An Interview With Jack The Ripper

Posted: May 18, 2009 in The Chicago Whitechapel Club

[FOR THE SUNDAY HERALD. By Special Arrangement with the author.]
Toward the Gladsome Spring.

no institution of the great, throbbing, chin whiskered west is more
unique or more distinctive than the Whitechapel club of this city. It
is a bright, cheery little crypt, which is reached through a narrow,
somber stab in the still blacker blackness, and soon to be called
Whitechapel Alley, opening off La Salle street. Inside all is cozy and
bright. You enter by going down several steps, and find yourself in an
anteroom on the left of which is the tap room and on the right the
reception vault or general sarcophagus.
Bright and cheery skeletons
hang up wherever the pleased eye rambles o’er the walls, and blood
spattered garments, torn by the coroner from murdered innocence, soften
the harsh outlines of the bony decorations. Skulls with phosphorescent
eyes in them stand upon the whatnots – or whatsnot, perhaps I should
say – here and there.
All is cheery and appetizing, especially to
the weary mind and the tired and spent brain.
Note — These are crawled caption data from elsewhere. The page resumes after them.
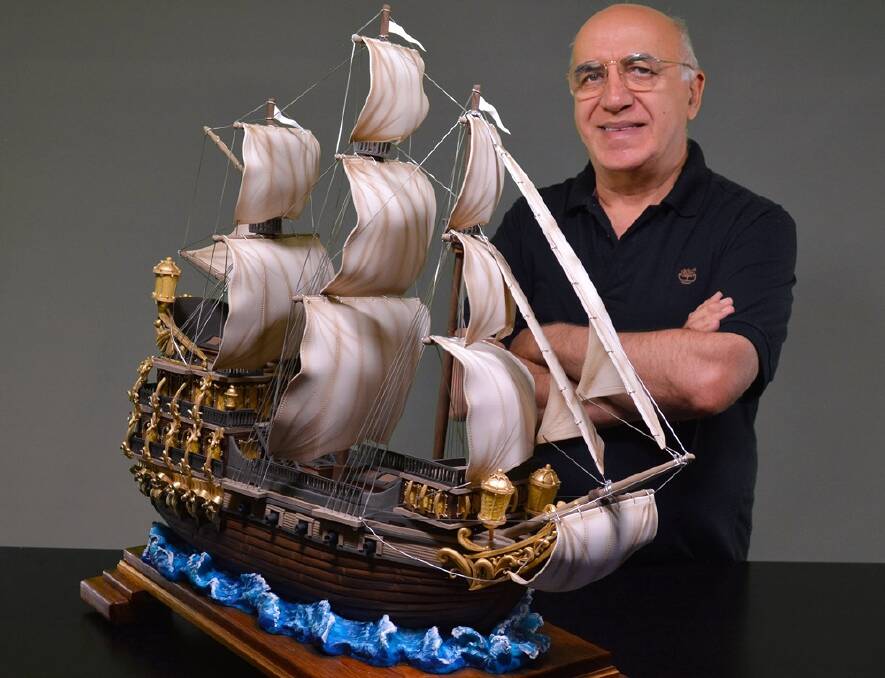 PLAIN SAILING – Serdar Yener with his award-winning edible galleon. Learn to make a simplified version with him at the International Cake Show Australia.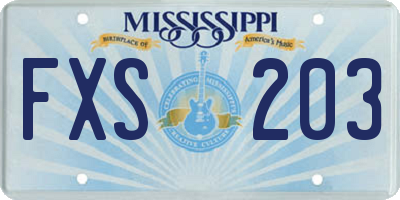 MS license plate FXS203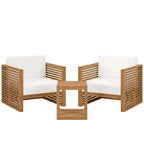 Ensemble de patio extérieur en teck 3 pièces Carlsbad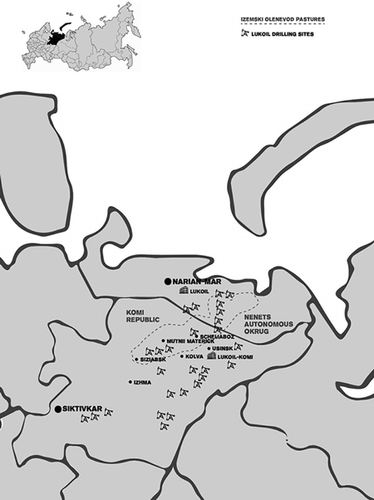 Figure 1. Map of the Nenets autonomous okrug and Komi Republic.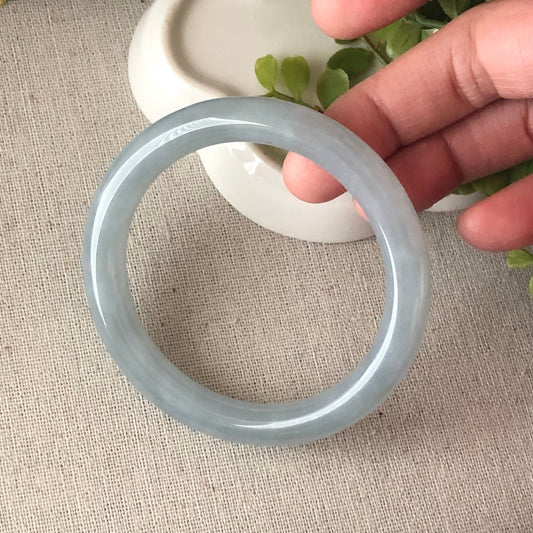 54-55mm Icy Sky Blue Round Shaped Jadeite Jade Bangle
Here we see several
white, ghost dance garments from Wounded Knee, upon which the blood yet
looks nice and fresh. Here is a large westward hoe with which an
irritated farmer killed several of his children in an unguarded moment.
Over yonder is the somewhat battered and knockneed charger formerly
belonging to Herod’s somewhat morbid daughter.
Many relics, from the early history of crime and horror to that of the
present day, are here – here to please, to beguile and to perpetuate.
Yonder is the cloven helmet of a Haymarket policeman, and back of it a
model of the gallows on which the anarchists were hanged.
Comfortable solitude is said to be the object of the London club, and
in this respect it is doubtless modeled after the Whitechapel club of
Chicago. Solitude, surrounded by a wealth of brass knuckled,
highbinders’ knives with fresh gore on them, freshened each day by the
Armour abattoirs, and skeletons from which ever and anon a vertebra, a
patella or a few phalanges fall with a startling yet sodden plunk on
the deadened floor, may surely be found here.
The Whitechapel club of Chicago was endowed some two years ago by Jack
the Ripper for the purpose of engendering a more fraternal feeling
toward humanity, and also to advance intellectual refinement and to
encourage thought waves. Realizing the uncertainty of life, he desired,
he said, to perpetuate his name in this way. "I might be cut down at
any time," said he, "as my night work, of course, is one of constant
exposure to the unwholesome atmosphere of London. Besides, "he added,
"there is a growing feeling of antagonism toward me here. Sometimes I
think I would like to try the climate of America, but I am afraid I
would get run over and killed by the professional drunkards who drive
drays over people in New York, or if I came to Chicago I might get
"bindged" and die of pneumonia. So perhaps I am as well off here among
friends, suppressing vice and evading the keen eyed police, as I would
be in America, where the social evil does not as yet own the town.
"Do all that you can," he said, "to make the club cheerful and bright.
I send by this steamer a gray plaid shawl, stiff with the gore of No. 3. It will make a nice piano cover, I think. Could you not arrange with the city morgue, so that rent could be saved and your dining hall have about it a homelike air which money alone cannot procure?
"I am almost discouraged at times when I see how slowly I am getting along with my great work looking toward the suppression of vice,

but I will not give up. I am determined to press on and carve my way to fame. Keep up the kindest club spirit, and yet admit no one who has ever led a life of shame. We cannot be too careful, I think, in this regard.
"I am going out again this evening to see if I can catch up a little with my work. I am now way behind. When I get this job done I am thinking of operating on a few titled Englishmen who need killing very much. I am very anxious to be through with my work, for, as I say, it keeps me away from home so much at night. Fly swiftly round, ye wheels of time, and bring the welcome day!
"Miss Bompard, of Paris, wishes to contribute to the club a trunk, scarf, etc., for our dining room. They will be sent within a few weeks."
I wish I had more time to speak of the bric-a-brac of the Whitechapel club, but have not, of course. Suffice it that, with the walls covered over with bones, blood stained cleavers, knives and sling shots, with a loaded door spring billy here, and over there the dried and weatherbeaten boot of a soldier from the Custer battlefield, in which the bones of the foot could still be seen, the president apologized for the absence of eleven skeletons which had been loaned to a well known physician for scientific purposes. He said that to him the absence of these eleven skeletons seemed to leave the room sort of bare and inhospitable.